==== DATA UNDER STUDY ====
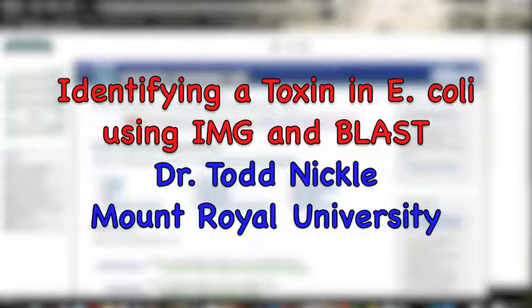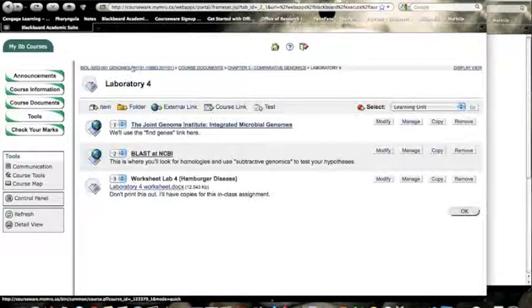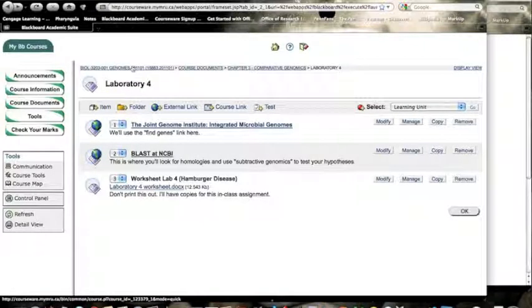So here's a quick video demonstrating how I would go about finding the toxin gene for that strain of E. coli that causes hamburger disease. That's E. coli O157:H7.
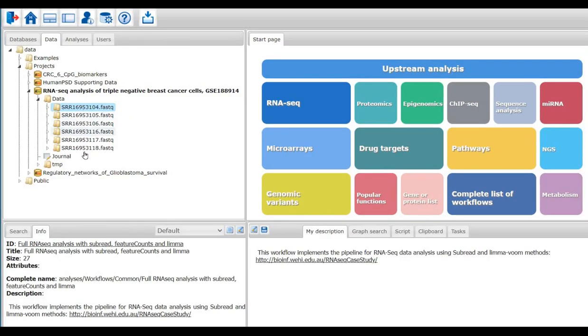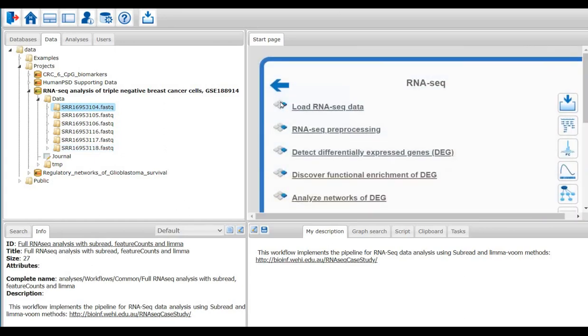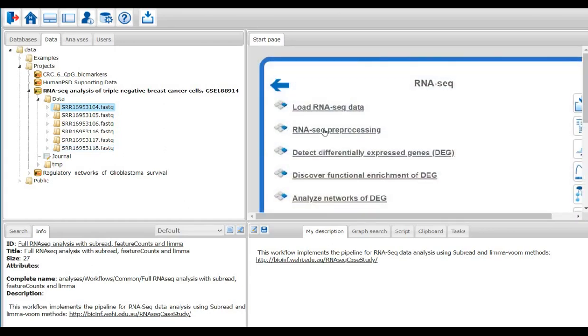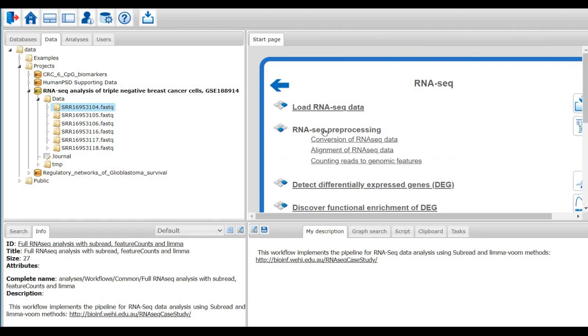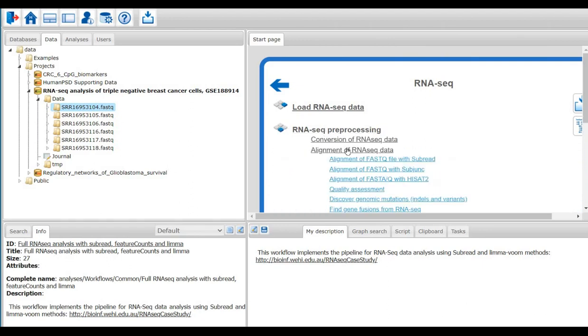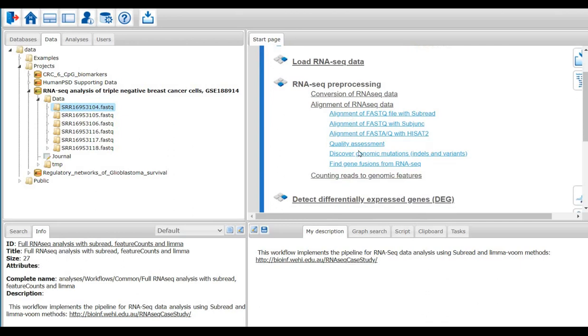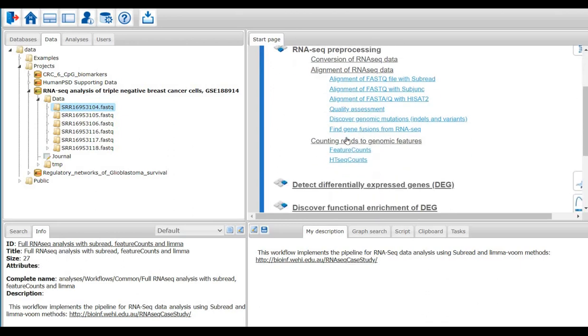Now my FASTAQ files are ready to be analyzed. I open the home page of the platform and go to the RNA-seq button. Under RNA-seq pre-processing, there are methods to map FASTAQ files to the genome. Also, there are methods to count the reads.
====
==== DATA UNDER STUDY ====
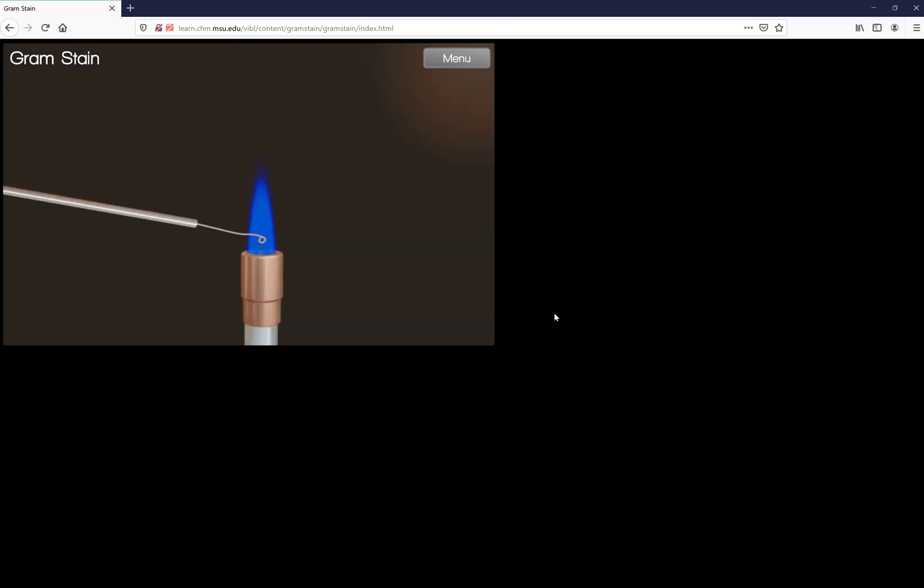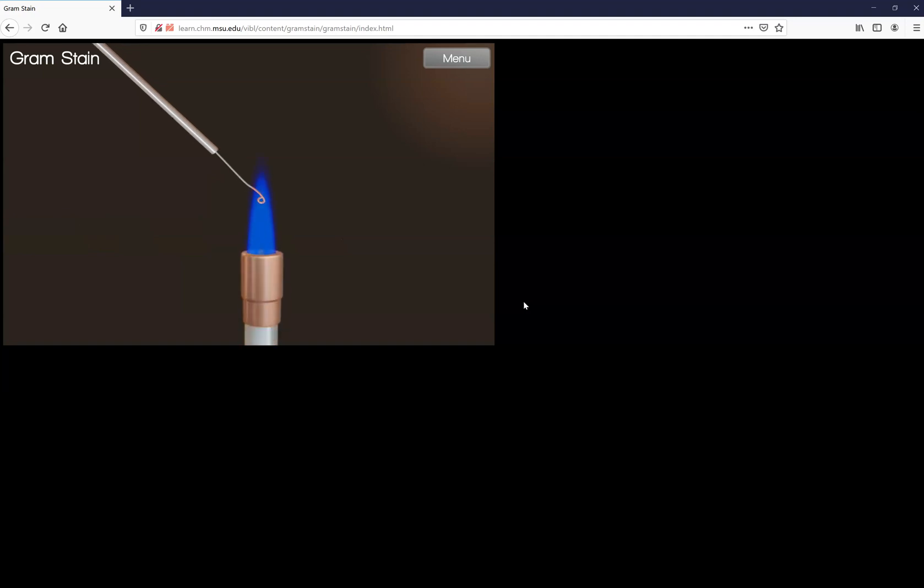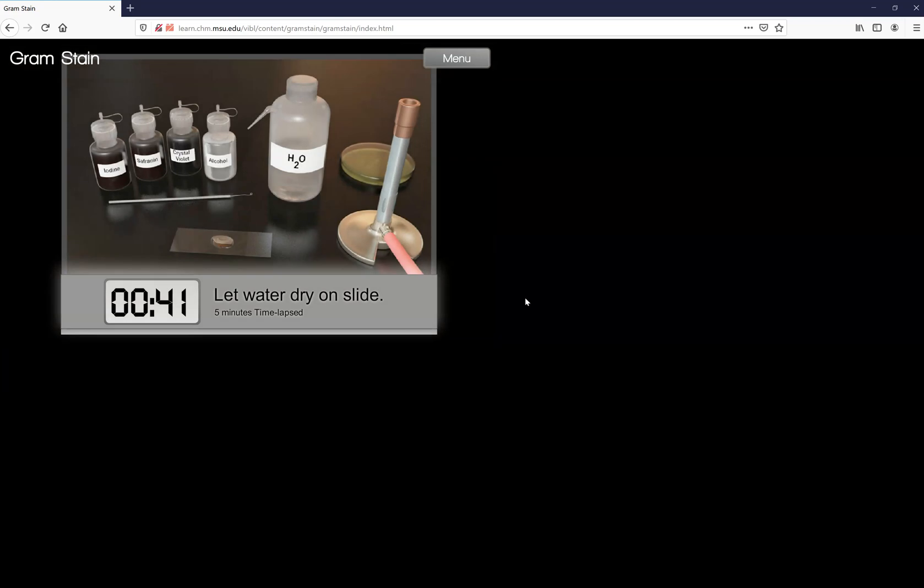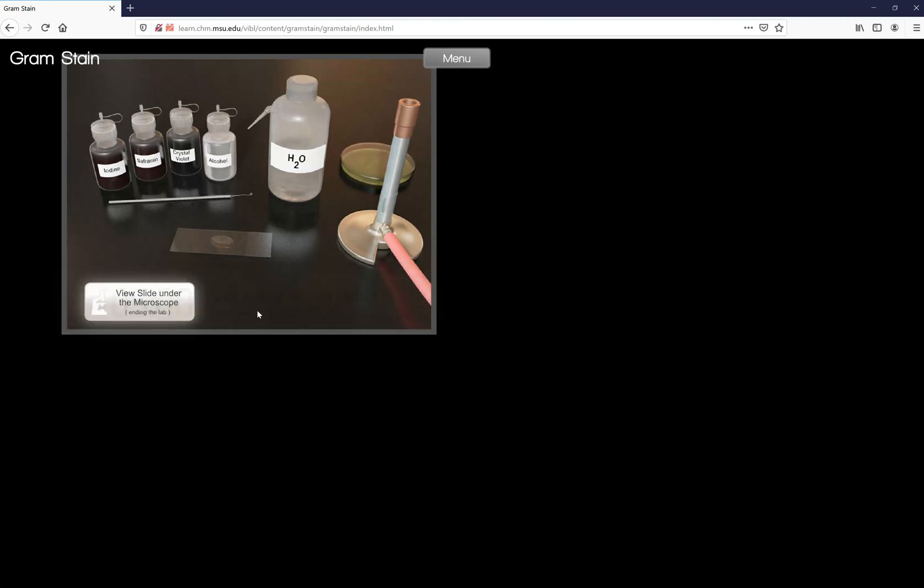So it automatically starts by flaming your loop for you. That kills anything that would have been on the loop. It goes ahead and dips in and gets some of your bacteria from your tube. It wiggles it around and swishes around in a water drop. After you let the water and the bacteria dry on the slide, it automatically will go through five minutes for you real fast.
====
### [WHAT THE TASK REQUIRES]
I'd like the lines above repeated exactly, from the one that contains "So here's a" through the one that contains "Now my FASTAQ", with no pictures.

### [EXERCISE RESPONSE]
So here's a quick video demonstrating how I would go about finding the toxin gene for that strain of E. coli that causes hamburger disease. That's E. coli O157:H7.
Now my FASTAQ files are ready to be analyzed. I open the home page of the platform and go to the RNA-seq button. Under RNA-seq pre-processing, there are methods to map FASTAQ files to the genome. Also, there are methods to count the reads.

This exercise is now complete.